Chinese news outlet Bilibili was able to get access to an unknown B560 chipset motherboard, along with an engineering sample Core i9-11900 (QV1J) processor to pair with it. The news outlet then ran a series of benchmarks to see how the new Rocket Lake part performs under a bevy of benchmarks.
We have additional details on the Core i9-11900 engineering sample that’s floating. Simply put, it’s a development version of the upcoming Core i9-11900 8-core/16-thread CPU, but with lower core frequencies than we’ll see in the final release parts.
Bilibili believes the B560 board they have may not be the full version we’ll see next year, as it seems to be a modified version of a B460 or simiilar model, as the board has no USB 3.2 Gen 2 ports whatsoever. The board does support PCIe Gen4, but only with an x4 link width. The board is powered by a 6+2 phase system and a 3-phase controller, but we have no screenshots of the board so we don’t know what sort of cooling or what type of power delivery components the board is using.
Bilibili verified the chip uses Intel’s new integrated Xe Graphics, Intel’s replacement for the previous UHD Graphics found in older desktop parts. Bilibili tried to install a notebook Xe Graphics driver to get more functionality out of the chip, but the driver would not install properly due to it being designed for notebook SKUs. At least we have confirmation Rocket Lake will be coming with Xe Graphics, though that’s not going to be particularly critical for desktop parts that usually end up paired with a dedicated GPU.
The 11900 engineering sample was run under several benchmarks including Cinebench R15, R20, and power consumption tests with AIDA64 with the AVX2 and AVX-512 (AVX3) instruction sets.
For Cinebench R15, the Core i9-11900 (ES) scored 217 in the single-threaded test and 1929 in the multi-threaded test. That’s a similar result to a Core i9 9900K from a few years ago. In Cinebench R20 the 11900 scored 529 points for the single-threaded benchmark and 4683 in the multi-threaded test.

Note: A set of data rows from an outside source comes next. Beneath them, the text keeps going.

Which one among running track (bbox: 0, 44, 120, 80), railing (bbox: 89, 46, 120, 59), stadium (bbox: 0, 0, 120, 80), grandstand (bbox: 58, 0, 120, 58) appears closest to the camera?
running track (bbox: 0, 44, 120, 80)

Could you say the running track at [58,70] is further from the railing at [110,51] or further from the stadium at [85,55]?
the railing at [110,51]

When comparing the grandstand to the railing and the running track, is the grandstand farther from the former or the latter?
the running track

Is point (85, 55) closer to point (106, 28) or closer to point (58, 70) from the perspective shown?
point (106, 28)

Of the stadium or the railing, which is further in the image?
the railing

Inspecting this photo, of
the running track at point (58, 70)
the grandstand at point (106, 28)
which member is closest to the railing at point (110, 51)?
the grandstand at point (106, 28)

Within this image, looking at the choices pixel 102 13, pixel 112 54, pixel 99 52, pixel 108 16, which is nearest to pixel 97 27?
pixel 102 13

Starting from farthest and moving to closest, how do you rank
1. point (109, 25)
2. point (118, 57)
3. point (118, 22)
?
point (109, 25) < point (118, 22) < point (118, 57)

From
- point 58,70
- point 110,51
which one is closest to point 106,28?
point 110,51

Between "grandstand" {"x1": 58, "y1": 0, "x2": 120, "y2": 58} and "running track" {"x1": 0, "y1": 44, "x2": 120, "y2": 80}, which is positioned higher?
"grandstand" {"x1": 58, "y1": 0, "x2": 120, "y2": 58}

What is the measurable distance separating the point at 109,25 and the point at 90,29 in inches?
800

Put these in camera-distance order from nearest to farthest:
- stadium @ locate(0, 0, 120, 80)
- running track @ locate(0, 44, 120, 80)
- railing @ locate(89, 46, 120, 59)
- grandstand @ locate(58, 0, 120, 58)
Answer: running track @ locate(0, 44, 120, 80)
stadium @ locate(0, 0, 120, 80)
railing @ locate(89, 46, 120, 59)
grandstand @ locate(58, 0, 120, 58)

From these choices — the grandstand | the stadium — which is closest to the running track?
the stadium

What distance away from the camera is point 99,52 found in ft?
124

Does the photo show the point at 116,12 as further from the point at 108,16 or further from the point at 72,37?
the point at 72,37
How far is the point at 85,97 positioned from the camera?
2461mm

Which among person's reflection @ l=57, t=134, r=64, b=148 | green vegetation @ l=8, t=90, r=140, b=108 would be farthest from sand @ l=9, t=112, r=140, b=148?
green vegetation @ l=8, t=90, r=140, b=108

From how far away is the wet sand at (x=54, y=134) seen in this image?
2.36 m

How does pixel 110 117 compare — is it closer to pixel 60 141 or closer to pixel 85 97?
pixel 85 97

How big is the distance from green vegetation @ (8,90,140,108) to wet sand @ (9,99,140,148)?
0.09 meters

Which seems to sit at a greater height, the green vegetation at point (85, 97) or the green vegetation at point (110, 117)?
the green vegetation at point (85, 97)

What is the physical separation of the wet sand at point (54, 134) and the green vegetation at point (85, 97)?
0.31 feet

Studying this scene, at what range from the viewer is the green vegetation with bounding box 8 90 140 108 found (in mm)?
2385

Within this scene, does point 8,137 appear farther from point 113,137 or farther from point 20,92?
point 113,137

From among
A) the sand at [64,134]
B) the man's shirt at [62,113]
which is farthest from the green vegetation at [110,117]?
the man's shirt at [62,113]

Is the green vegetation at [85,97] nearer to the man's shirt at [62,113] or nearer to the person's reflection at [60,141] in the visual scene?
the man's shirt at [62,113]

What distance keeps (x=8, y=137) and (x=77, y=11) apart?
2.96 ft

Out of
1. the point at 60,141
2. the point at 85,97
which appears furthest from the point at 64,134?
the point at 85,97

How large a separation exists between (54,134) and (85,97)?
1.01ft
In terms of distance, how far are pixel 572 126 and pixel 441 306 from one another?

For power consumption tests under AIDA64, the core i9-11900 averaged around 120W of power usage with the AVX2 instruction set, which is pretty typical and shouldn’t be a problem for most coolers. However, that changes with the AVX-512 instruction set, which allows the CPU to hit 160W of power draw.

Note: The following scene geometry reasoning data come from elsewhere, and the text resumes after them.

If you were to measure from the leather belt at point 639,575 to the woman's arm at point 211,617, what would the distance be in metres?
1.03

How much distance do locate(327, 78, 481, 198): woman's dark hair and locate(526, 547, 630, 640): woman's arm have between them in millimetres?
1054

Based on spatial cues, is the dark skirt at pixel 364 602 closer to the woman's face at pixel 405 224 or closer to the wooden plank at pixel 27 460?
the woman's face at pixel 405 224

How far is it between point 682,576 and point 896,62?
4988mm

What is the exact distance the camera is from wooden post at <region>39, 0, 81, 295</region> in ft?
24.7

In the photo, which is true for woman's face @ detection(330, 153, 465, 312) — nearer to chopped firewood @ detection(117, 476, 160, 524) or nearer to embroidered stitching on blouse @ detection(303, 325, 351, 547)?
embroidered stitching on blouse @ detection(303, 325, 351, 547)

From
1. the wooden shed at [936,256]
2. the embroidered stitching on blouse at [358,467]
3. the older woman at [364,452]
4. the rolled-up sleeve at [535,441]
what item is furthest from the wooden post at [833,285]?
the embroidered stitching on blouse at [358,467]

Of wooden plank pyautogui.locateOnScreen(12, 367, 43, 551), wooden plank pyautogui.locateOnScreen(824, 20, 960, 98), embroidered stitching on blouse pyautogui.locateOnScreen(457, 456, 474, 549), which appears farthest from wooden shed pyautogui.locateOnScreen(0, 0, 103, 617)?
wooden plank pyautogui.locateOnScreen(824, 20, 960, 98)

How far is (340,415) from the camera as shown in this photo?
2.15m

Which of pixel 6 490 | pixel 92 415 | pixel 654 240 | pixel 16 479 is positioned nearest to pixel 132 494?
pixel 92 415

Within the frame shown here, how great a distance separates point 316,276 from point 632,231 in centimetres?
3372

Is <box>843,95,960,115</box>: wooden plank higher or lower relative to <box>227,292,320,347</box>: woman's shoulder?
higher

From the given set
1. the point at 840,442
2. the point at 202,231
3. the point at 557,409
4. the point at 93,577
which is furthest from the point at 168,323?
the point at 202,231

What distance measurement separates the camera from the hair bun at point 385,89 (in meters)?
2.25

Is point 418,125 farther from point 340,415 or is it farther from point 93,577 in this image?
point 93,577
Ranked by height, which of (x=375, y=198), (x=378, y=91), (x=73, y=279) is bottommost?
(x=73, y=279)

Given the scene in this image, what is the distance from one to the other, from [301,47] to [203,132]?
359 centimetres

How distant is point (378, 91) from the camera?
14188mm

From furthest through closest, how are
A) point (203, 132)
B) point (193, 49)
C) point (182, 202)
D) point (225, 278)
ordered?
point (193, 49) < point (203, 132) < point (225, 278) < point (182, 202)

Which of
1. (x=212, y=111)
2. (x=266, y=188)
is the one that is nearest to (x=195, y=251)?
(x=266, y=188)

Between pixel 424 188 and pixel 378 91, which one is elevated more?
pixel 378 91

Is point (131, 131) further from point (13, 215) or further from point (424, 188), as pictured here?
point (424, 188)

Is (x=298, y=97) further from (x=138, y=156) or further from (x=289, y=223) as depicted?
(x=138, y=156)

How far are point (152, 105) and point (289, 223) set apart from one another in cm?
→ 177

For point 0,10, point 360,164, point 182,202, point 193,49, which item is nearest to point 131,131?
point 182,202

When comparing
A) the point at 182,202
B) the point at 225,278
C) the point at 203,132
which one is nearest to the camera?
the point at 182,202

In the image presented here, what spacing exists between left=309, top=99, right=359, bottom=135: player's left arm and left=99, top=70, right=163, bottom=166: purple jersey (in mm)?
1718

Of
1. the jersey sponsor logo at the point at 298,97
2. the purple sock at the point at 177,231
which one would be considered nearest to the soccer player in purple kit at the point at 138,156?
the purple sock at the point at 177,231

Bilibili also makes the point that this was all under the standard PL1 and PL2 ratings in the motherboard BIOS. PL1 is set to 65W and PL2 to 224W at default. If you fully unlock the PL2 limit (to 4096W) Bilibili says the 11900 will easily shoot beyond the default PL2 wattage which is 224W under AVX-512 workloads. Hopefully, Intel can further optimize AVX-512 workloads to not be as power-hungry as they are now with this Core i9 engineering sample.

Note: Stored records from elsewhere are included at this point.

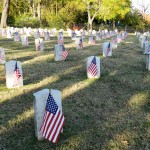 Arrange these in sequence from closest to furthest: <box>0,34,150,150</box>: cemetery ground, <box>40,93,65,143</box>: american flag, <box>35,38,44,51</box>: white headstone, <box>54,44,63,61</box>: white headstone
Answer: <box>40,93,65,143</box>: american flag → <box>0,34,150,150</box>: cemetery ground → <box>54,44,63,61</box>: white headstone → <box>35,38,44,51</box>: white headstone

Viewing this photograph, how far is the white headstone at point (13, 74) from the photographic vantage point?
8.77 m

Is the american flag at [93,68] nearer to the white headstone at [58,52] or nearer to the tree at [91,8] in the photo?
the white headstone at [58,52]

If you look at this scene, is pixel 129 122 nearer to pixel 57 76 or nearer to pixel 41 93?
pixel 41 93

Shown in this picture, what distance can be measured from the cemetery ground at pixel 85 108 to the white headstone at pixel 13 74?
23cm

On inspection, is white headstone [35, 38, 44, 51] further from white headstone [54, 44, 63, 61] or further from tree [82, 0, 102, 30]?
tree [82, 0, 102, 30]

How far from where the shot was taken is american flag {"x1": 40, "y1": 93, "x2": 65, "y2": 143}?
18.4 ft

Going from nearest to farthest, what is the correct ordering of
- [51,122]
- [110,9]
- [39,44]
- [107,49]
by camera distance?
[51,122] < [107,49] < [39,44] < [110,9]

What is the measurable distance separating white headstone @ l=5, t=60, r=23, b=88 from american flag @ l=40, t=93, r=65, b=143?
11.3ft

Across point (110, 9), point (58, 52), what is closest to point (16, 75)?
point (58, 52)

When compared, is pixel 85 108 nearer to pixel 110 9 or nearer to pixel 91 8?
pixel 110 9

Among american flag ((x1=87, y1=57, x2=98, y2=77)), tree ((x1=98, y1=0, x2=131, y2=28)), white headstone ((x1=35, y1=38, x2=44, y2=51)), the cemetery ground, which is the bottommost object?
the cemetery ground

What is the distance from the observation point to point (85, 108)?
7516 mm

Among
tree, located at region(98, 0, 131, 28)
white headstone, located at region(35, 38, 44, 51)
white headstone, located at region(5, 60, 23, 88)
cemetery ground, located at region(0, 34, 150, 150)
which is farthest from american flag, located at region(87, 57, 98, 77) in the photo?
tree, located at region(98, 0, 131, 28)

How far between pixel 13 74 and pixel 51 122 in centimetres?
360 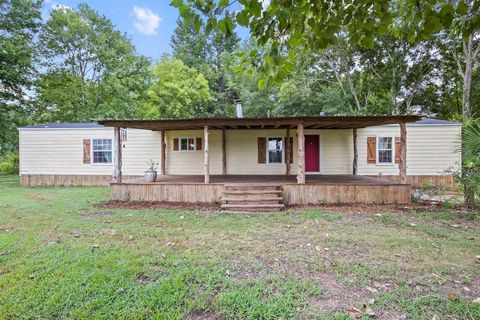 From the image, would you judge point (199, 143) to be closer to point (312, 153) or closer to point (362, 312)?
point (312, 153)

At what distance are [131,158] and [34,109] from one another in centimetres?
1041

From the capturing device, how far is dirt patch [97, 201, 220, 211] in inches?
299

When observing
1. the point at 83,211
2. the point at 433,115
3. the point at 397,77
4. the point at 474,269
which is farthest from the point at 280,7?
the point at 433,115

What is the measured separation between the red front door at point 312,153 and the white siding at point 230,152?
199 mm

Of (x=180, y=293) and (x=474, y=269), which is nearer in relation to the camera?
(x=180, y=293)

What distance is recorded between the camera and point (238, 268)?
139 inches

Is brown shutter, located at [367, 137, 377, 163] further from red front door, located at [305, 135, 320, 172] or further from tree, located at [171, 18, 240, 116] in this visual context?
tree, located at [171, 18, 240, 116]

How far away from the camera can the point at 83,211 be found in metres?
7.08

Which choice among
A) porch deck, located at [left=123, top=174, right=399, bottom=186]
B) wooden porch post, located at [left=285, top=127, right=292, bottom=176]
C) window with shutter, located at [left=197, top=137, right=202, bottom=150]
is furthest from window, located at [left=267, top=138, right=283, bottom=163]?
window with shutter, located at [left=197, top=137, right=202, bottom=150]

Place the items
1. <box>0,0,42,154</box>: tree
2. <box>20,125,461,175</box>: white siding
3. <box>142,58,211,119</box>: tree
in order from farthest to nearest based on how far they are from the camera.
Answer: <box>142,58,211,119</box>: tree, <box>0,0,42,154</box>: tree, <box>20,125,461,175</box>: white siding

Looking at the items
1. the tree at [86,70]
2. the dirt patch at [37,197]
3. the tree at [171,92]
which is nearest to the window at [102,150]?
→ the dirt patch at [37,197]

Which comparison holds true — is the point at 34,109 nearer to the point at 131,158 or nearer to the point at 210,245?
the point at 131,158

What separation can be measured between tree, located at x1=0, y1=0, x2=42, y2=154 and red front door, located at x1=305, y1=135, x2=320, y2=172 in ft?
48.9

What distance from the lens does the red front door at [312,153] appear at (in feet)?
38.7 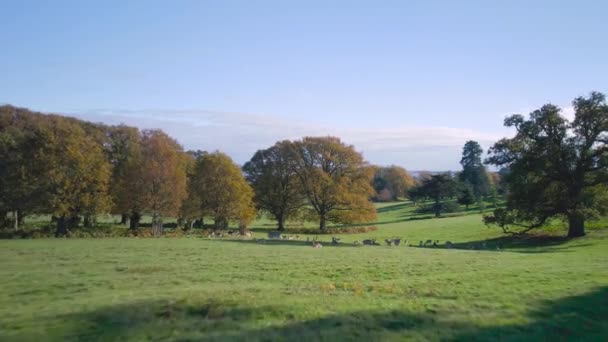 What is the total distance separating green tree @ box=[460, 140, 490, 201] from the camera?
349 feet

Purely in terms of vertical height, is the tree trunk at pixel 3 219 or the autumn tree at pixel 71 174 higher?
the autumn tree at pixel 71 174

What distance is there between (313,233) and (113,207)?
2779cm

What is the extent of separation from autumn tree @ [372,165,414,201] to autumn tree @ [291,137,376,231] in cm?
7678

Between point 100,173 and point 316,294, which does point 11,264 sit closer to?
point 316,294

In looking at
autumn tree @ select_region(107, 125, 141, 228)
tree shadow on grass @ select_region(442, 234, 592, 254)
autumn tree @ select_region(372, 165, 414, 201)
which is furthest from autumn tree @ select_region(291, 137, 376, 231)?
autumn tree @ select_region(372, 165, 414, 201)

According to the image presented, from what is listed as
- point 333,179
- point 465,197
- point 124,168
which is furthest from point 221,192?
point 465,197

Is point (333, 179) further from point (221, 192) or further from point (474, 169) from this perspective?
point (474, 169)

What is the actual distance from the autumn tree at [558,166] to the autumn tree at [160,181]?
34401 mm

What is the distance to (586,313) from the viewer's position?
1269cm

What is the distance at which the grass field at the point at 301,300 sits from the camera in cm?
1027

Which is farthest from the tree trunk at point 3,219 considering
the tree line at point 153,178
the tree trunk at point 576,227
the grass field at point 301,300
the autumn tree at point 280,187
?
the tree trunk at point 576,227

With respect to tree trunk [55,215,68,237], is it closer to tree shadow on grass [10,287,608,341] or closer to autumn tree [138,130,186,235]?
autumn tree [138,130,186,235]

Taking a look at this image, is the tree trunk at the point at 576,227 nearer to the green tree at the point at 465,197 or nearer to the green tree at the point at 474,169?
the green tree at the point at 465,197

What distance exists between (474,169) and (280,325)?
109m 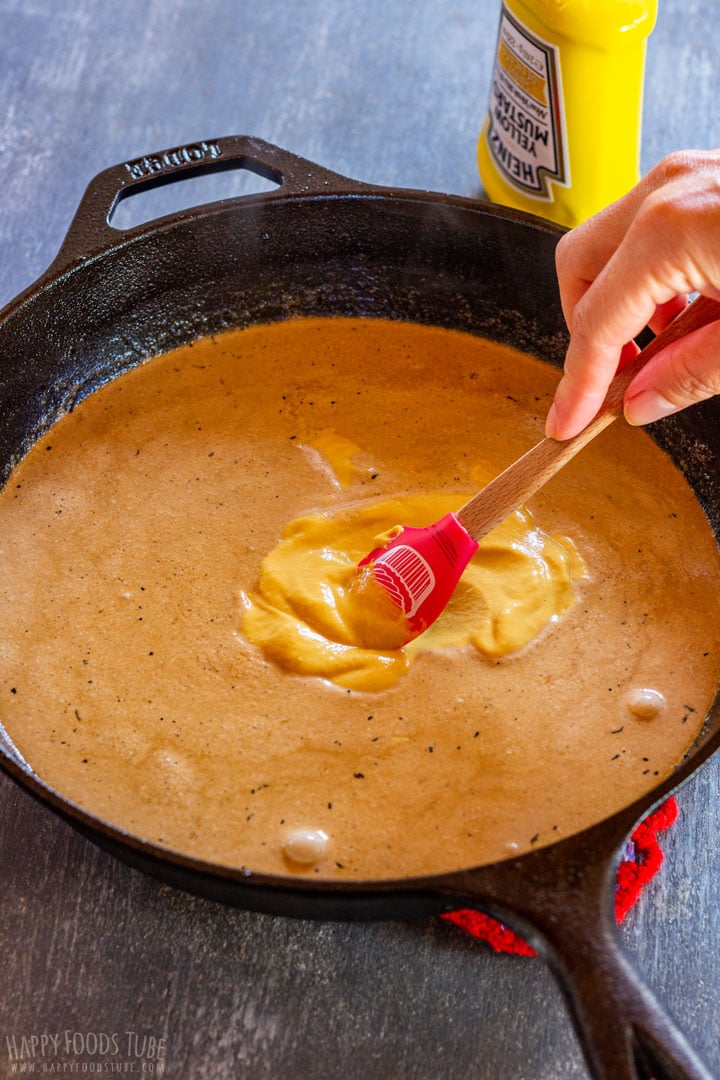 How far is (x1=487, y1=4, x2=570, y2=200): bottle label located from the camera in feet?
4.97

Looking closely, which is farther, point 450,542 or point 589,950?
point 450,542

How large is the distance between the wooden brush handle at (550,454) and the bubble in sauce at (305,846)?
394mm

Will AVX-512 be useful on Rocket Lake, or will it end up behaving more like a power virus? We’ll have to wait for retail hardware, as early firmware and silicon could account for the current behavior. New for Rocket Lake, the activation of AVX-512 workloads shouldn’t forcibly downclock all cores to the AVX turbo frequency. This can help a lot in AVX-512 scenarios that only require a couple of cores.
Again, this is an engineering sample, so performance is quite low right now. We expect performance to be much greater on the official SKUs coming next year.